**ASSIGNMENT**:
From the first line below to the last, reproduce the material exactly and leave out the images.

**COLLECTED DATA**:
- Opening Delimiter -

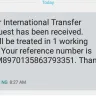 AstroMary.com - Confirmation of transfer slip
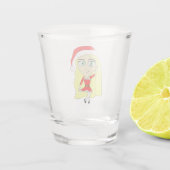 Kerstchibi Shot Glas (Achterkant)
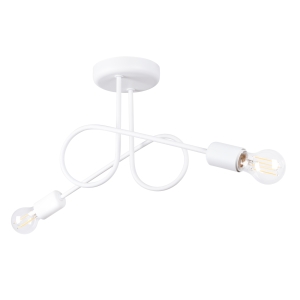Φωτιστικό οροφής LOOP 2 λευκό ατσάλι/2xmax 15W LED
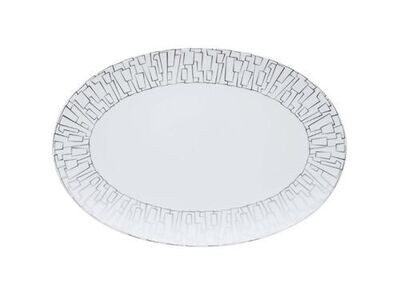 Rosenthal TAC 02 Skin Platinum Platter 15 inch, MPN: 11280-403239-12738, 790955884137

- Closing Delimiter -

**FINISHED TASK**:
 AstroMary.com - Confirmation of transfer slip
 Kerstchibi Shot Glas (Achterkant)
Φωτιστικό οροφής LOOP 2 λευκό ατσάλι/2xmax 15W LED
 Rosenthal TAC 02 Skin Platinum Platter 15 inch, MPN: 11280-403239-12738, 790955884137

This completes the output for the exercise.